- Task objective:
The answer must be an exact reprint of the lines from the one with "Industrial metal piping" through the final line of the data, with no pictures included.

- Stored data:
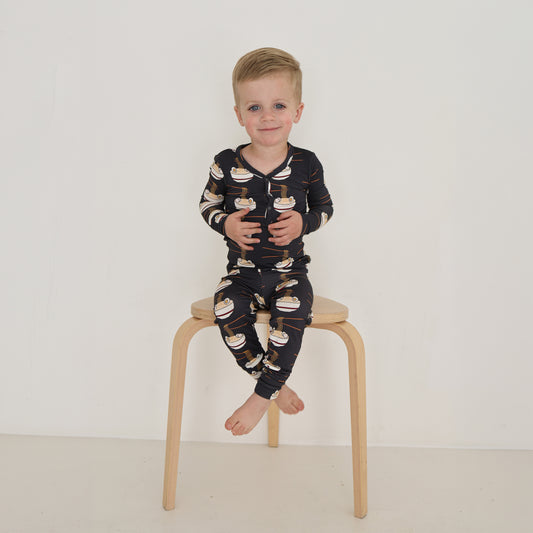 A young child with short blond hair sits barefoot on a wooden stool, wearing forever french baby's Bamboo Two Piece Pajama in the Ramen print, against a plain white background.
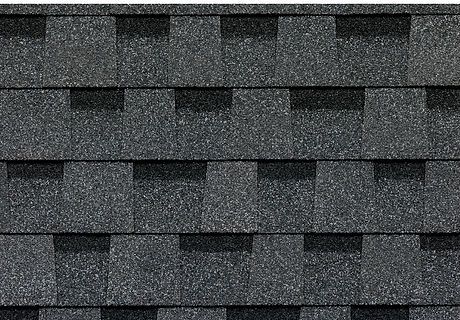 Dark gray asphalt roof shingles with a repeating overlapping pattern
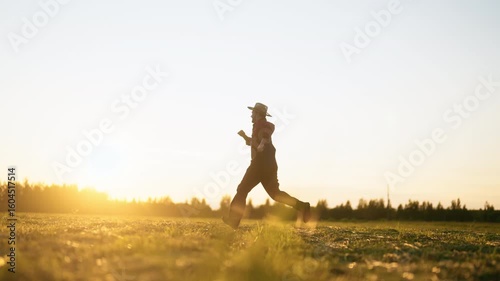 Wallpaper Mural Carefree farmer running in picturesque farmland in summer, cinematic slow motion . Good mood and positivity, enjoy simple life in countryside, happy farm worker admiring beautiful scenery and sunshine Torontodigital.ca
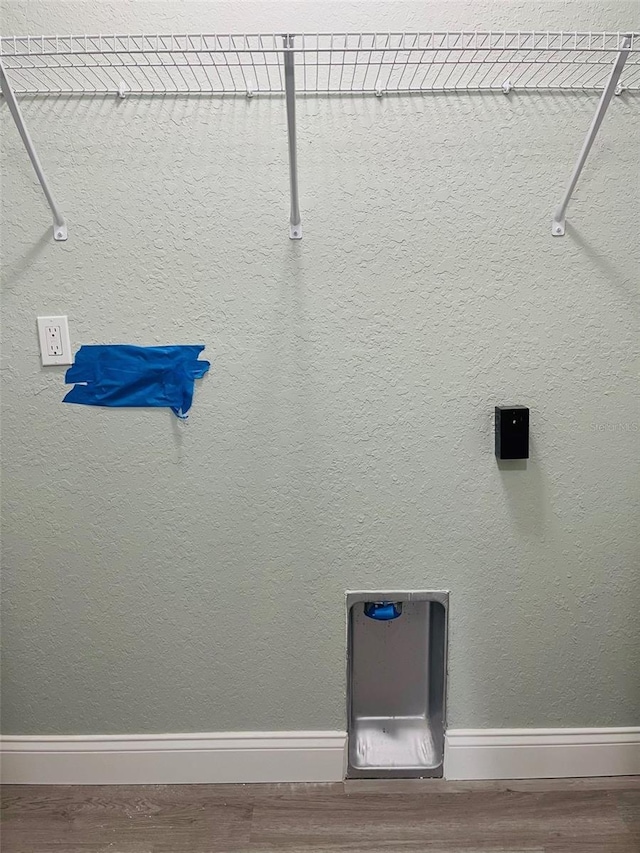 1329 Tom Watson Rd, Lakeland, FL 33801 - laundry area with wood finished floors and baseboards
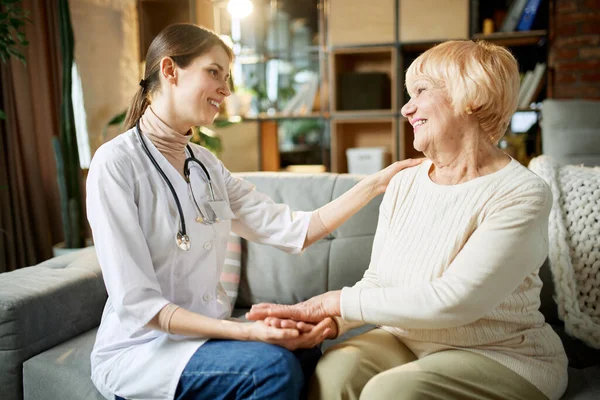 Smiling young woman, doctor supporting her elderly female patient, holding her hand and cheering up. Senior lady at home. Concept of medical care, medicine, illness, health care, profession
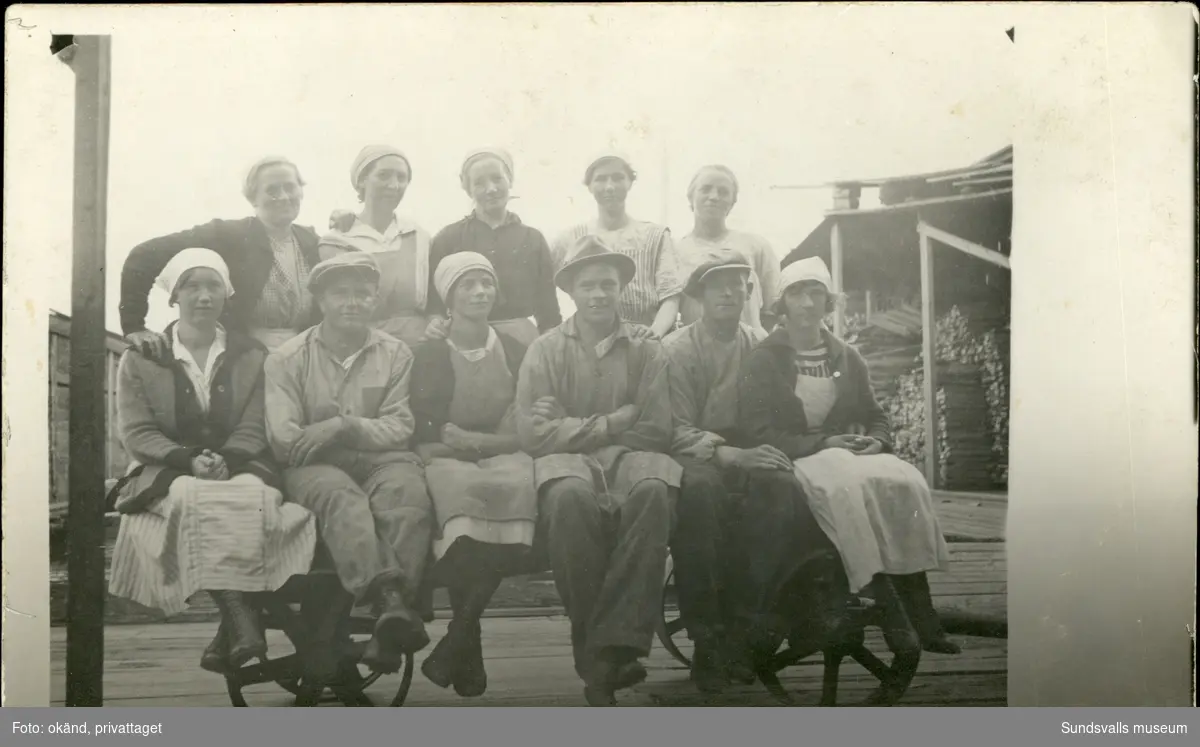 Vykort med motiv över fem stående och sex sittande personer i hamnmiljö. Enligt texten på baksidan: "Kolbackens lastarlag vid Svartvik 1922".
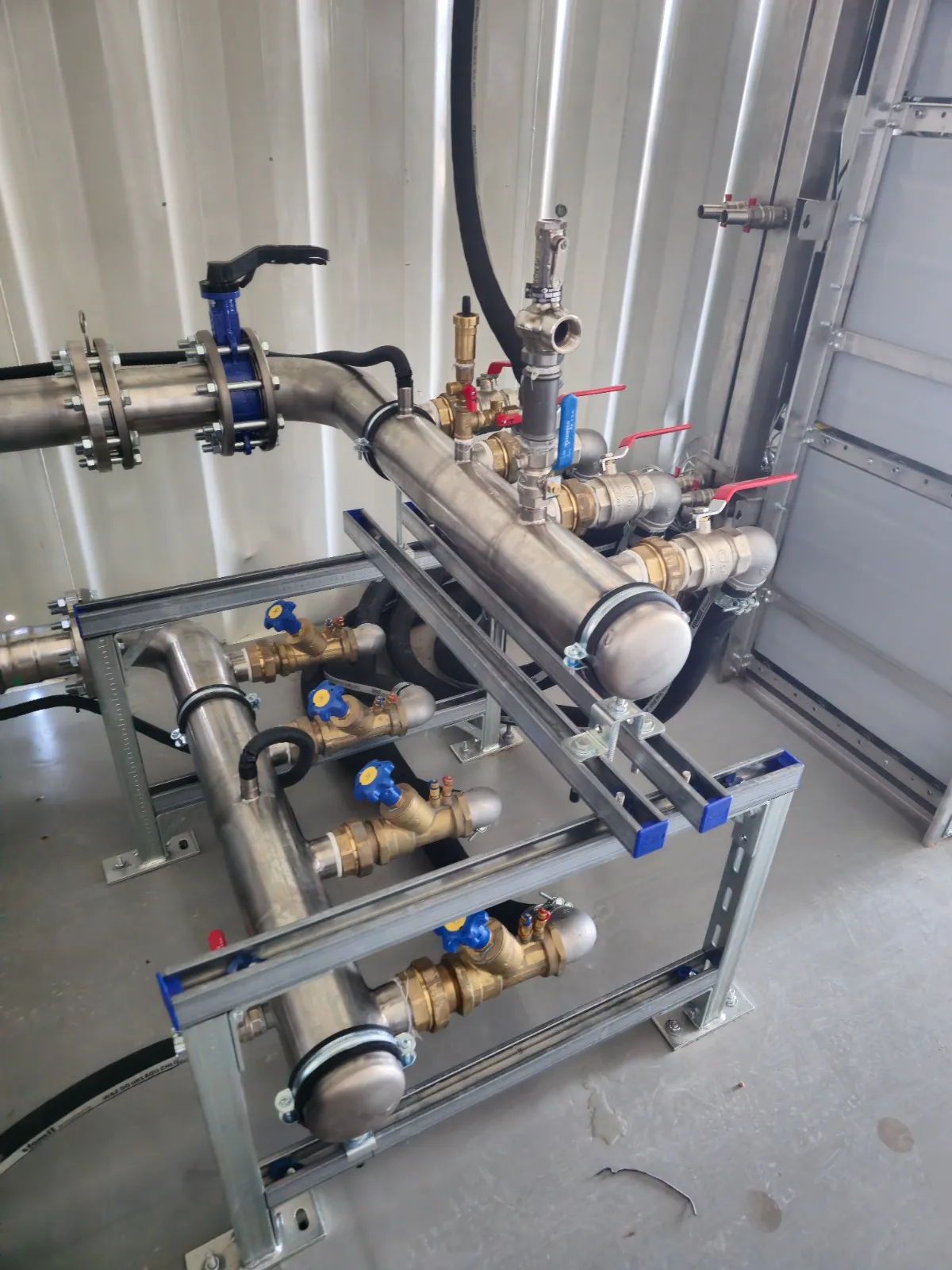 Industrial metal piping system with valves, supported by a metal frame inside a facility.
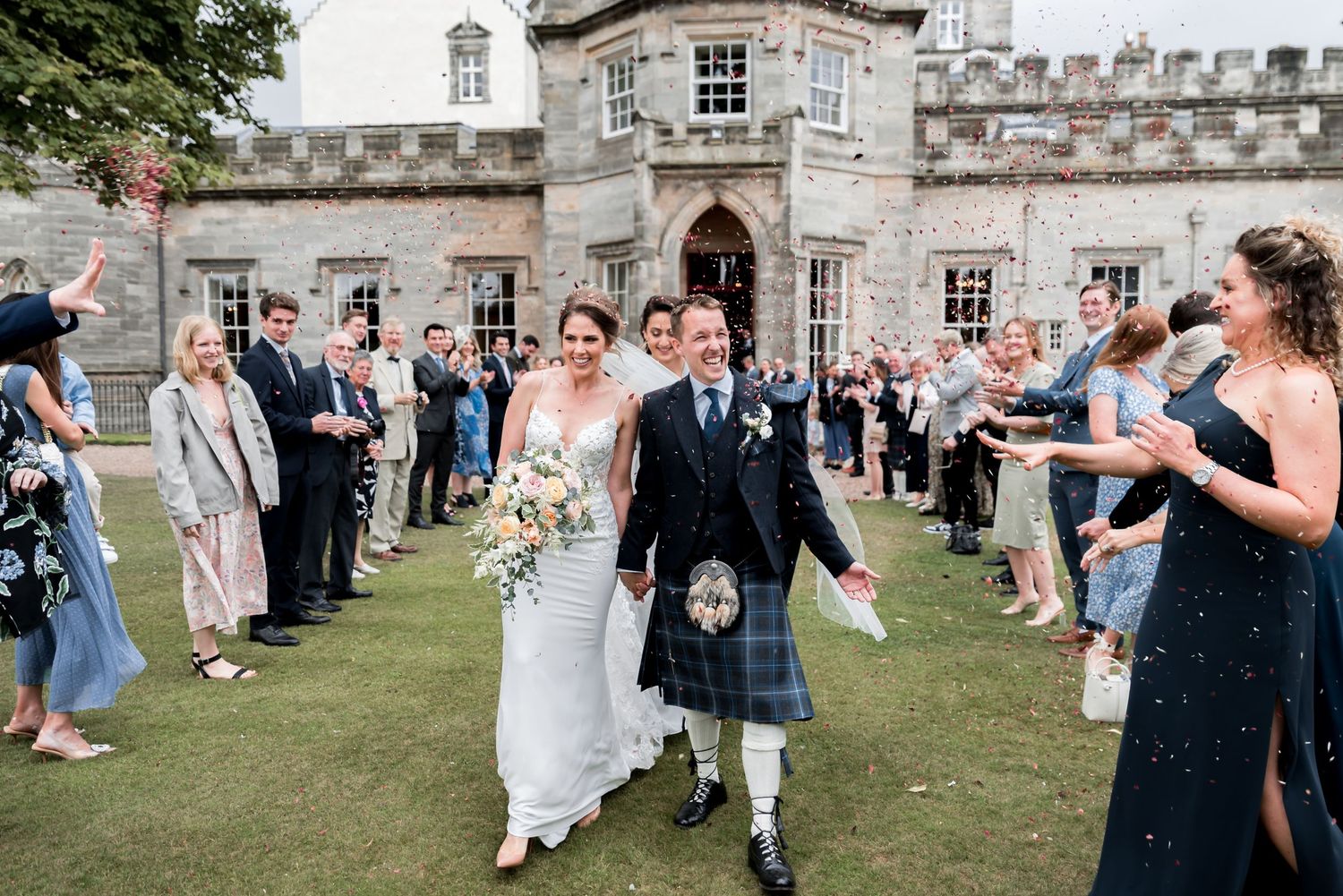 Newlyweds walk down grass path at a Scottish castle while wedding guests throw confetti in celebration.
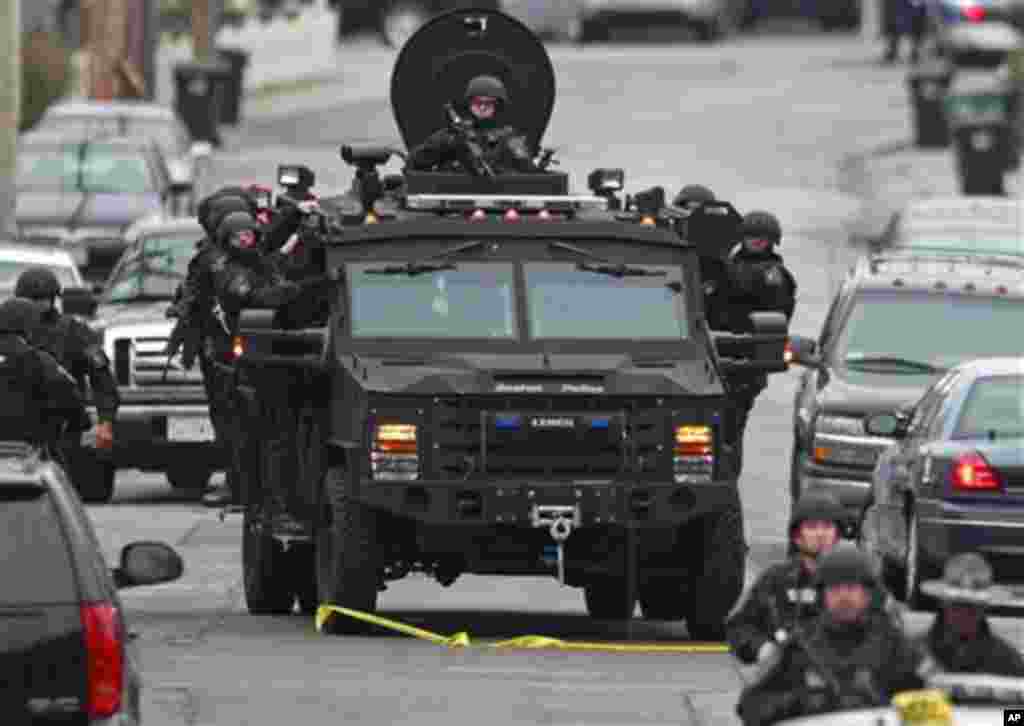 Police patrol through a neighborhood in Watertown, Mass., while searching for a suspect in the Boston Marathon bombings, April 19, 2013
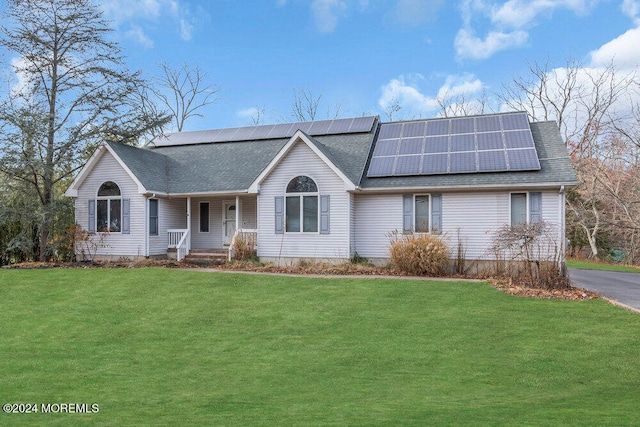 view of front of property featuring covered porch, a front yard, and solar panels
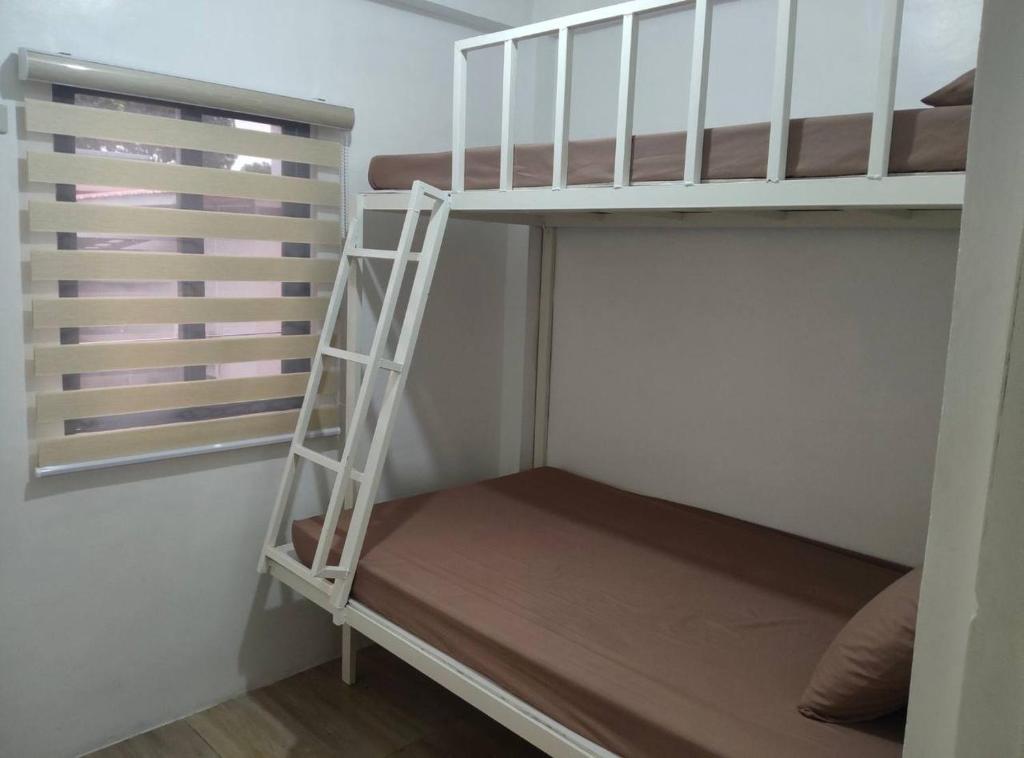 a bunk bed with a ladder in a room at DVM Transient Inn by RedDoorz in Santo Tomas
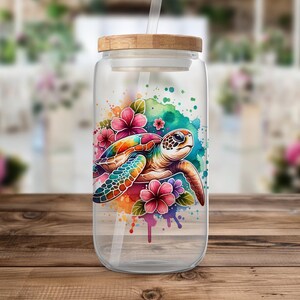 Pode incluir: Uma garrafa de &aacute;gua de vidro transparente com tampa de bambu e um design de aquarela colorido de uma tartaruga marinha nadando atrav&eacute;s de flores. A garrafa tem um canudo.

- Exercise output:
 Industrial metal piping system with valves, supported by a metal frame inside a facility.
 Newlyweds walk down grass path at a Scottish castle while wedding guests throw confetti in celebration.
 Police patrol through a neighborhood in Watertown, Mass., while searching for a suspect in the Boston Marathon bombings, April 19, 2013
 view of front of property featuring covered porch, a front yard, and solar panels
 a bunk bed with a ladder in a room at DVM Transient Inn by RedDoorz in Santo Tomas
 Pode incluir: Uma garrafa de &aacute;gua de vidro transparente com tampa de bambu e um design de aquarela colorido de uma tartaruga marinha nadando atrav&eacute;s de flores. A garrafa tem um canudo.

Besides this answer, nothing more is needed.